Myth: Using a hammer physically destroys the hard drive and the data on it. Fact: Like the previous myth, at best you’re slightly inconveniencing a data recovery firm. You again have better results with a single-pass overwrite.
Finally, a couple of caveats about software-based data purging:
First, it doesn’t work on flash-based drives, such as portable jump drives or SSDs. Most SSDs do have a hardware-level “secure deletion” command, however manufacturers frequently implement this wrong and therefore it is unreliable. You can achieve pretty good results by “thrashing” the wear-leveling algorithms by filling the entire drive with zeroes (or ones, or random data) a couple of times, but there is likely to still be data left around even after that for someone who can pull it apart and get to the low-level hardware itself. For these devices your best option is to use encryption (e.g. via TrueCrypt [EDIT: TrueCrypt has, sadly, been abandoned; while there are alternatives, I haven’t looked into any of them so I have no recommendation for a replacement.]) and/or never store unencrypted sensitive data on them. Physical destruction is also a good bet, although you have to pull it apart to get to the flash chip(s) inside and then basically grind them into dust. A drill actually is a good choice here, but only if you can put it through the actual flash chip(s).

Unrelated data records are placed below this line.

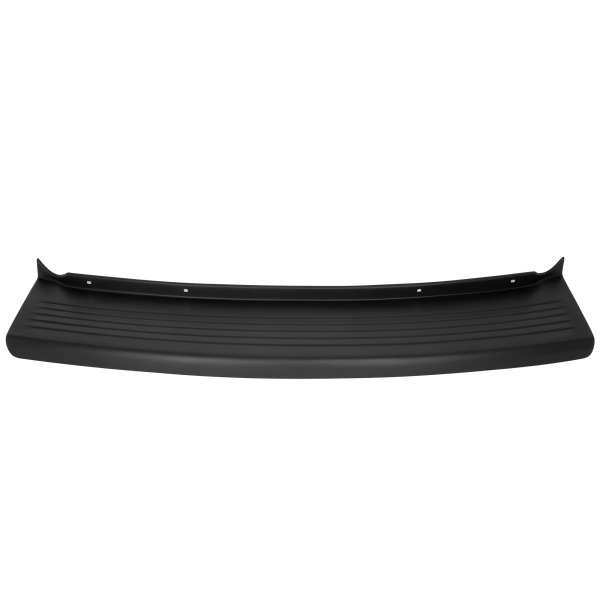 Ladekantenschutz passend für Dodge Journey (Facelift) ab BJ. 8.2011-6.2017  passgenau mit Abkantung ABS- Sonderfarbe Silber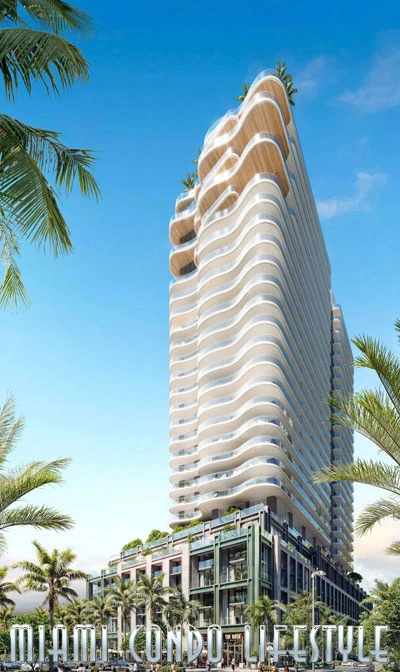Midtown Park Residences by Proper Condo in Miami, Florida, Usa preconstruction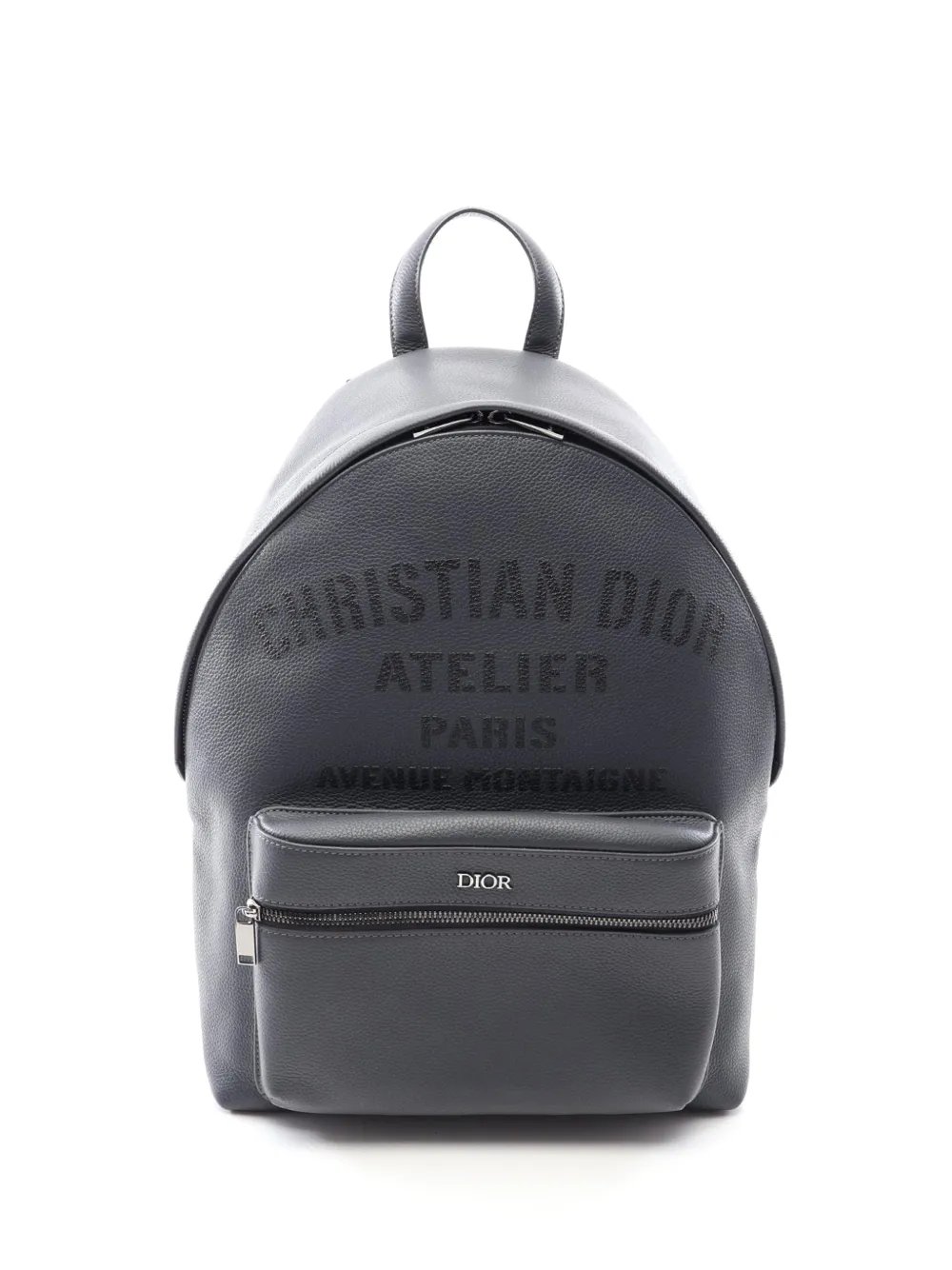 2018 Leather Atelier backpack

Second, it cannot do anything about the data that may be left over in a “bad sector” on the disk drive. Hard drives constantly monitor themselves for defects in their platters and, when one is found, they re-map it so that data that would be written there is instead redirected to a known good location. These bad sectors are impossible to access via software, but can be read by data recovery firms. However, this would amount to a few KBs, and on modern-day multi-hundred-GB and TB drives finding that data in the sea of garbage is most likely to be fruitless.